Nous avons relevé que la CNIL s'était notamment inquiétée des défaillances en ce qui concerne la délivrance des actes de naissances : ne pouvait-on lever cet écueil en travaillant avec la plateforme COMEDEC – acronyme de « communication électronique des documents d'état-civil » ? Vous avez déjà répondu à certaines questions. D'autres vous interrogeront sûrement sur d'autres points.

Monsieur le ministre, la sécurité a un coût : n'écartons pas trop vite l'étude de solutions alternatives – comme la carte à puce.

Vous nous avez également parlé de l'architecture du fichier, dont vous dites qu'elle distingue bien identification et authentification. Mais n'importe quel technicien peut manipuler une base centralisée : sur ce point aussi, nous aurons besoin d'être rassurés.

Un gouvernement moins vertueux que le vôtre, moins attaché aux libertés publiques, pourrait en effet avoir envie de détourner ce fichier. Bien sûr, il faudrait une loi, et plutôt une loi sur le renseignement qu'une loi sur les documents d'identité ; mais cela demeure une préoccupation.

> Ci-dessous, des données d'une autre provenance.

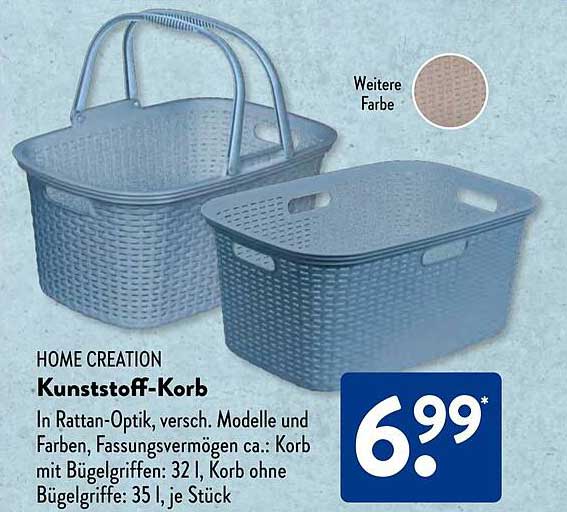 Kunststoff-Korb in Rattan-Optik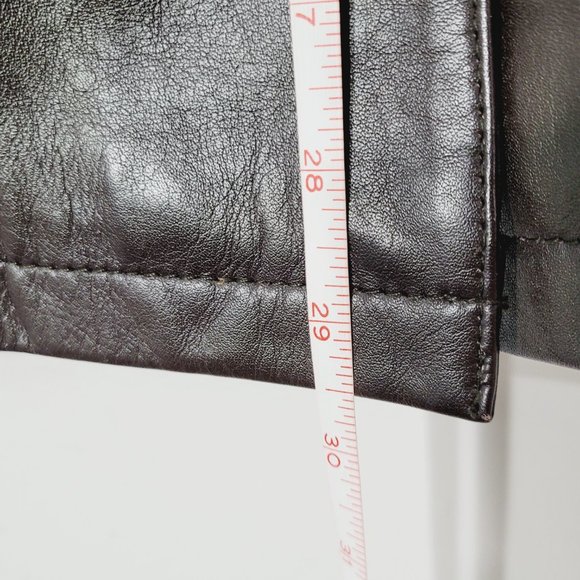Oscar Leopold Brown 100% Lambskin Leather Lined Button Jacket Y2K Style Size XS - Picture 9 of 14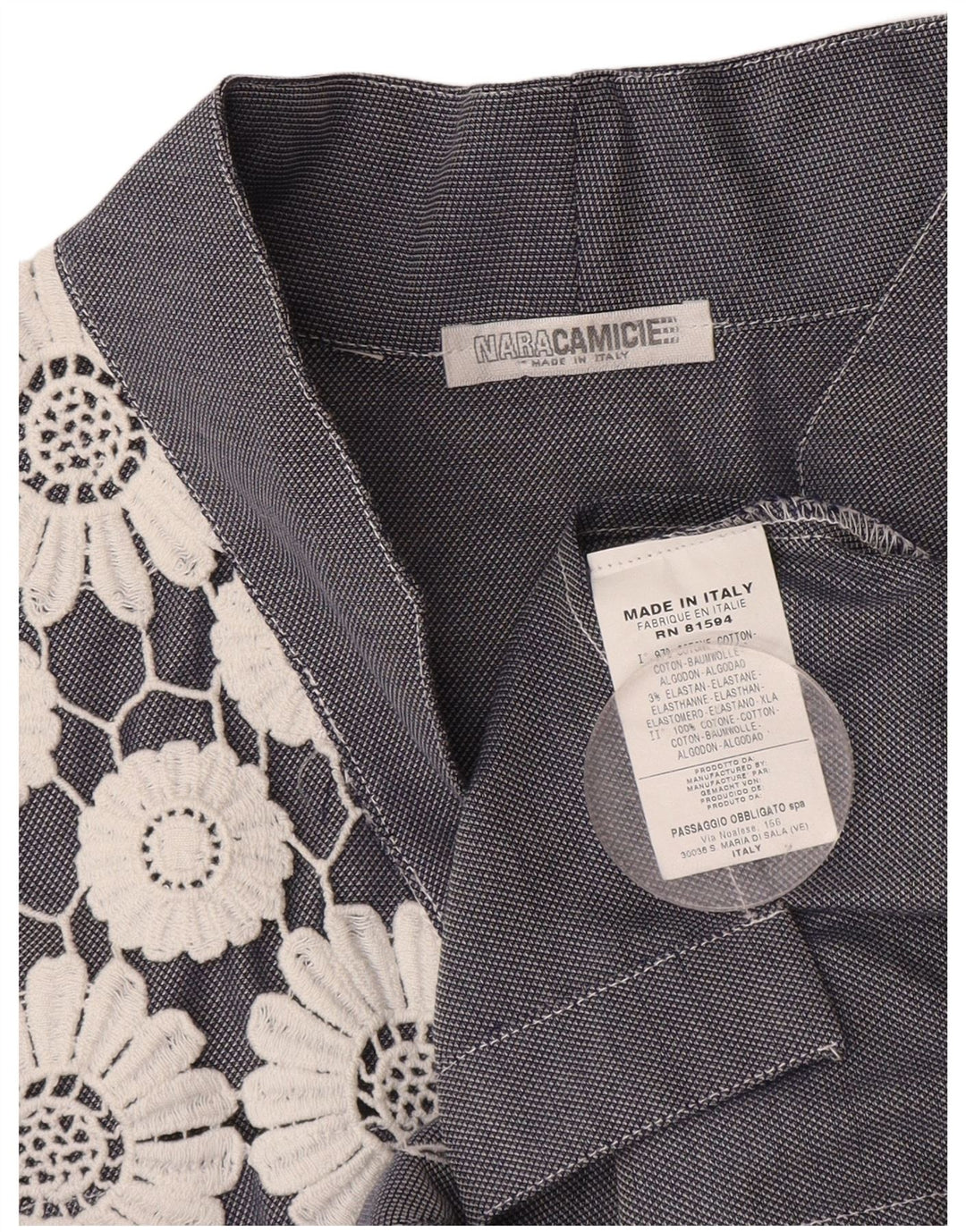 Naracamicie Dameskjortebluse UK 12 Medium Navyblå Blomsterbomuld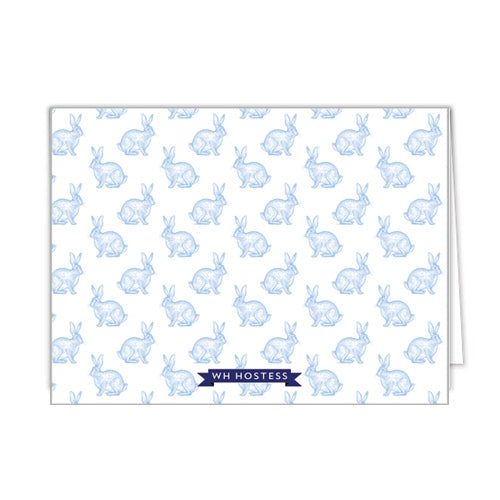 Blue Bunny Personalized Folded Notecards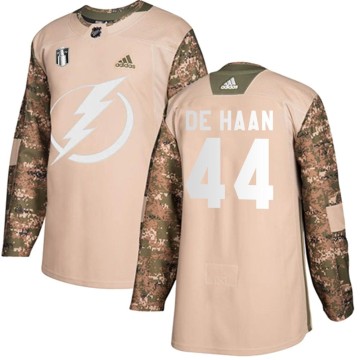 Authentic Adidas Youth Calvin de Haan Tampa Bay Lightning Veterans Day Practice 2022 Stanley Cup Final Jersey - Camo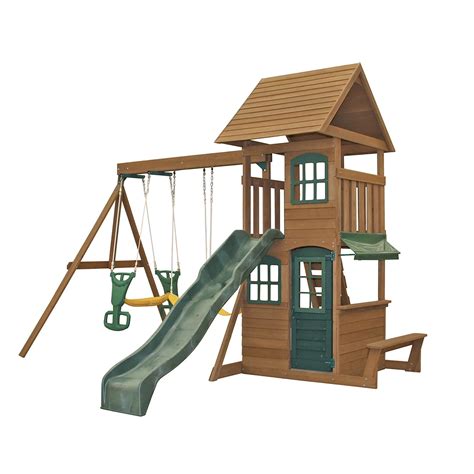 Kidkraft Windale Wooden Swing Set Playset With Clubhouse Swings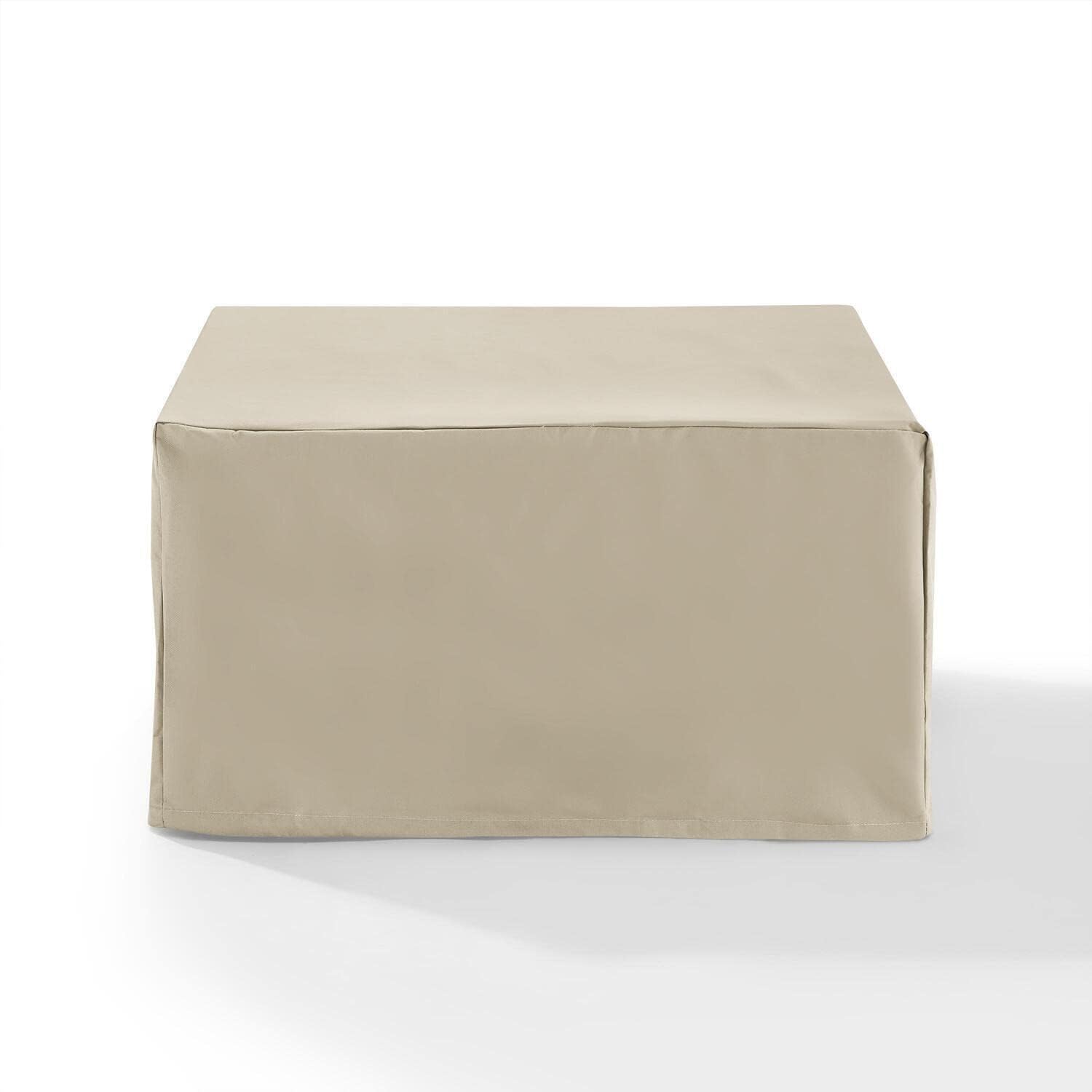 Maykoosh Coastal Craftsman Vinyl Outdoor Square Table or Ottoman Cover, Tan, 33" Square, 33 x 33 x 17.5 inches, Washable Furniture Covers, Patio Furniture Covers w/Drawstrings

Cette masse d'informations pourrait faire naître des convoitises – chez les hackers, mais pas seulement. Israël, qui n'est certainement pas le dernier pays à se préoccuper de sa sécurité, notamment informatique, a vu des millions de données personnelles piratées… Vous l'avez dit, nous disposons d'agences de contrôle. Mais, là encore, nous avons besoin d'être rassurés quant aux modalités de protection du fichier contre des tentatives de piratage.

Enfin, monsieur le ministre, qui aura accès à ce fichier, et selon quelle procédure ?

Un temps de dialogue est donc nécessaire, et le débat parlementaire sera le bienvenu.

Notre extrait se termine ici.